Sixth grade students at St. Louise School in Bellevue recently completed a six-week immersion study of the Holocaust, taught by Paula Patterson, of Carnation.
Patterson developed the in-depth program drawing from her experience at various conferences and workshops she takes to enhance her knowledge of genocide and the Holocaust. One of the most powerful workshops, she said, was the Eileen Ludwig Greenland Bearing Witness Summer Institute in Washington D.C., which she attended in 2014.
Thanks to an enrichment grant from the St. Louise Parents’ Club, Patterson’s sixth graders participated in a special program presented by Living Voices. Students got to know teenage Holocaust victim Anne Frank more closely in “Through the Eyes of a Friend.”
A fictional story that remains faithful to Anne Frank’s life and her world, “Through the Eyes of a Friend” is told from the viewpoint of the girl’s fictional best friend. Sarah is a composite character inspired by the experiences and testimonies of many who knew Anne Frank at certain points in her life as well as young people who experienced the Holocaust throughout Europe.

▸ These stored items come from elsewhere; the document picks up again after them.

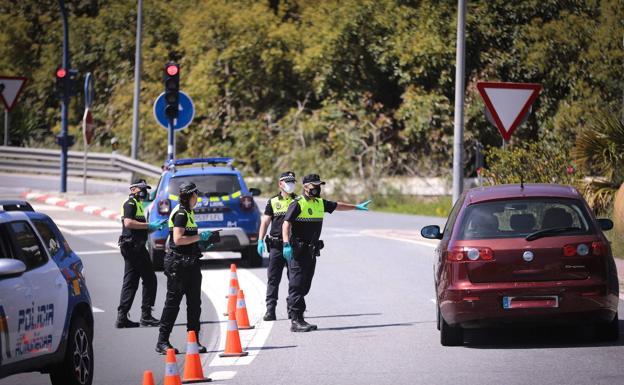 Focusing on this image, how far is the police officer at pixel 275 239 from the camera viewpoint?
14859 millimetres

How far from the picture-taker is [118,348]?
13094 millimetres

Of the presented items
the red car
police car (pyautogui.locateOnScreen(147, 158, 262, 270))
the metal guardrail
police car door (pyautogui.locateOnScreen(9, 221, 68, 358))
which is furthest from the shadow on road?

The program follows Sarah and Anne as they are put on a train to Auschwitz-Birkenau, tattooed with numbers, and forced to suffer other indignities. The girls’ paths separate when Anne is taken to another camp called Bergen-Belsen, where she dies of typhoid, while Sarah stays on in Auschwitz, ultimately survives, and is liberated and reunited with family. Living a new life in America, Sarah is sent a copy of Anne’s diary and learns that she must never forget; through memory, her friend Anne lives on.
At the end of the presentation, students participated in workshops under the direction of a Living Voices performer. The students expressed how different parts of the story made them feel through movement and body position.
Under Patterson’s guidance, each year the students create artwork and write essays about the Holocaust. Working with St. Louise School’s art teacher, Mika Walker, the sixth graders recently submitted a group art project to the Holocaust for Humanity’s Writing, Art & Film Contest.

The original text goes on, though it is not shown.